=== Supplied data ===

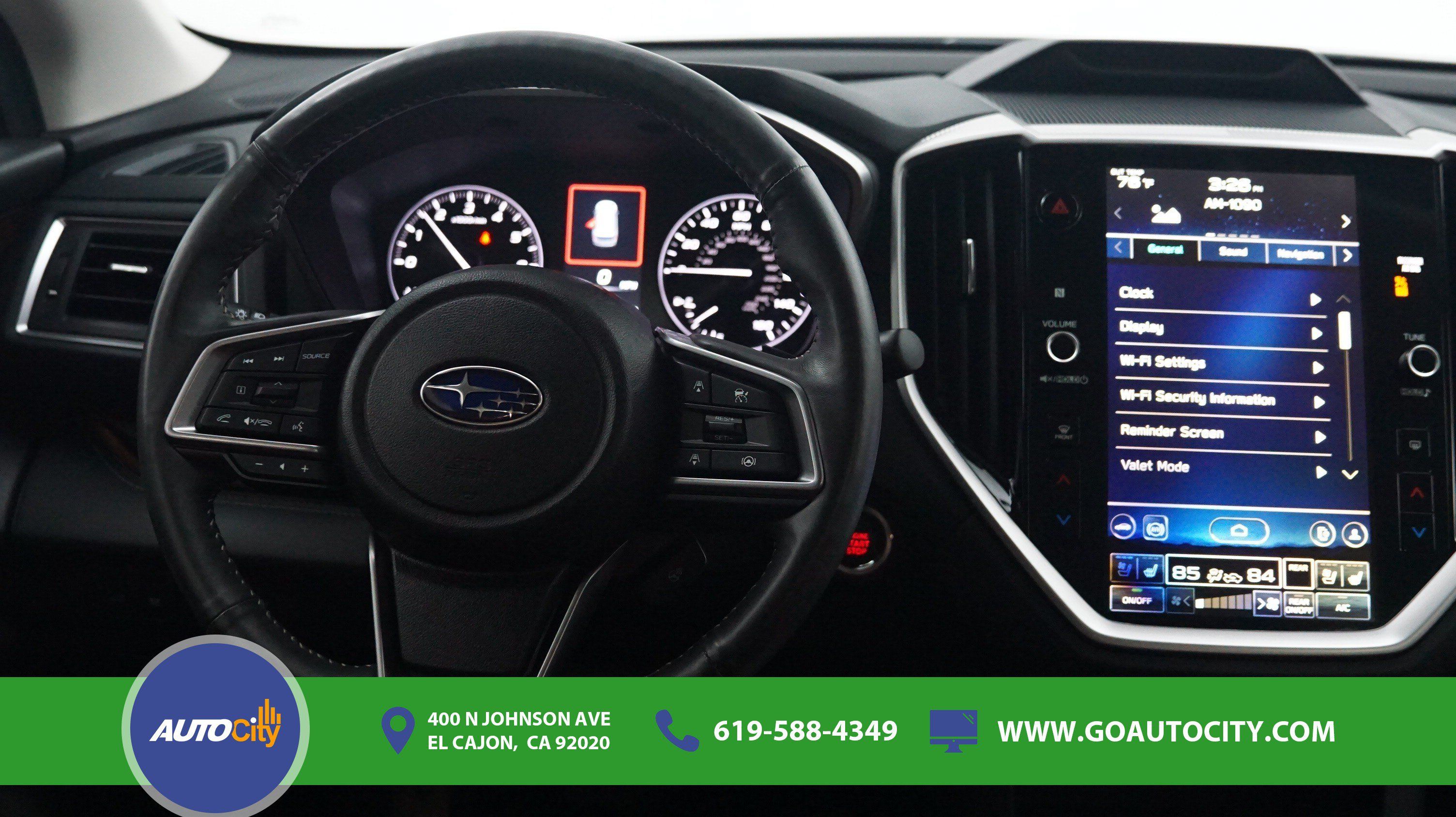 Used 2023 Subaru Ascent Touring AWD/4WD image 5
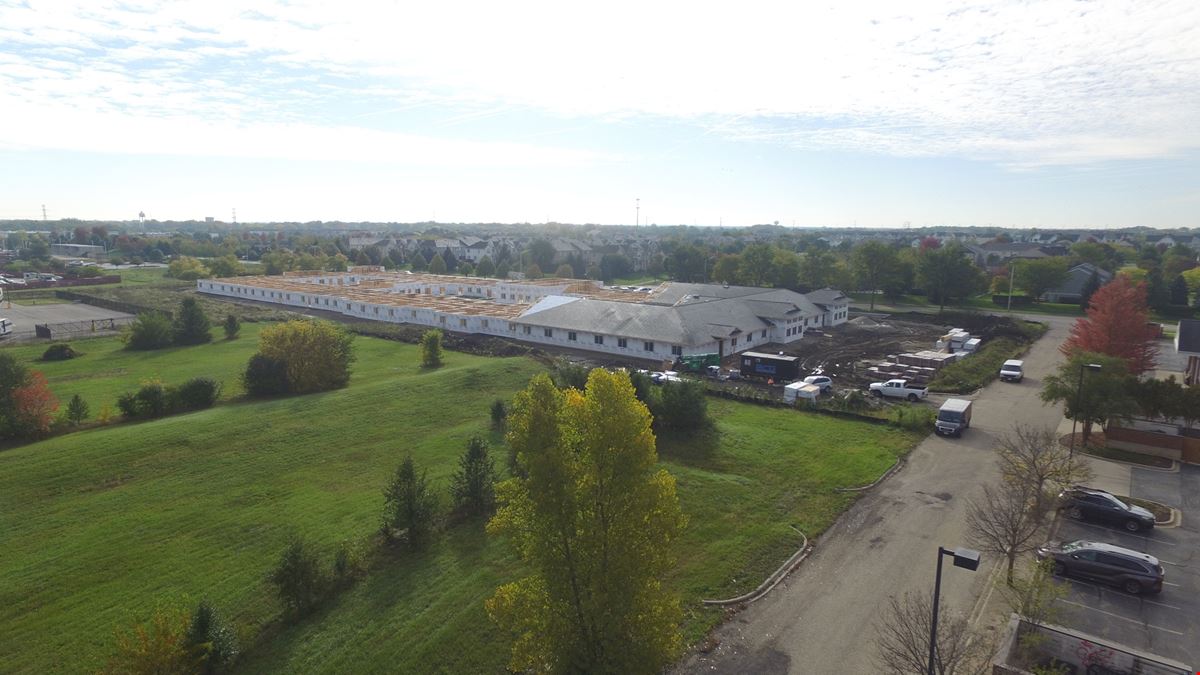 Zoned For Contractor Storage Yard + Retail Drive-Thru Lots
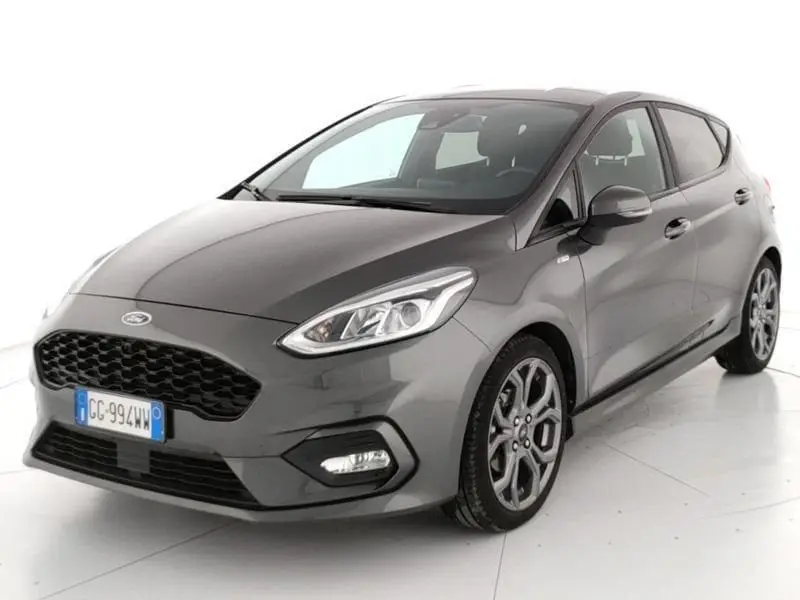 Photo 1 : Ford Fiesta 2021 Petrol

===

▶ Your task
Nothing but the lines from the one containing "Zoned For Contractor" through the end of the listing should be printed, each exactly as it appears and without pictures.

▶ Finished task
 Zoned For Contractor Storage Yard + Retail Drive-Thru Lots
 Photo 1 : Ford Fiesta 2021 Petrol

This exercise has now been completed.